Study design, materials and methods
For the first aim, female pigs were anesthetized with urethane and, when necessary, isoflurane and underwent an ultrasound urodynamic study (Laborie model Aquarius TT). Anatomical Motion Mode (AMM) ultrasound cine loops were obtained at pauses in filling using a GE Voluson E8 ultrasound system and used to optimize a texture tracking algorithm to measure bladder wall width over time. The frequency characteristics between wall width and Pves were compared using Fast Fourier Transform analysis to validate the algorithm.
For the second aim, 13 people with urinary urgency and six with no urgency symptoms based on validated ICIq-OAB survey scores underwent an ultrasound urodynamic study. AMM cine loops were obtained at 40% cystometric capacity and were analysed using the texture tracking algorithm to calculate wall width as a function of time (Fig. 1). A urodynamicist blinded to the results of the MM study diagnosed DO based on UDS tracings following standardized ICS protocols.
Interpretation of results
The results of the pig study show that the texture tracking algorithm can measure changes in bladder wall width and that these changes share important frequency characteristics to Pves. Future studies are needed to determine effects of other phasic physiological processes including breathing, ureteric jetting, bowel motion, and bladder volume on MM in the porcine model.
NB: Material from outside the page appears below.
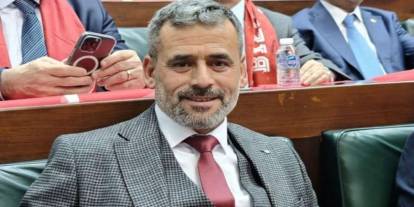 Ak Partili Belediye başkanına bıçaklı saldırı: Oğlu yaralandı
The results of the human study demonstrate that the non-invasive ultrasound-based method to monitor bladder wall width changes can be effective in identifying a potential subtype of DO. In addition to validating the method in a much larger population, future studies are needed to determine the relationship between changes in Pves and changes in wall width and to analyse wall width MM in different bladder regions as well as associations with bladder sensation.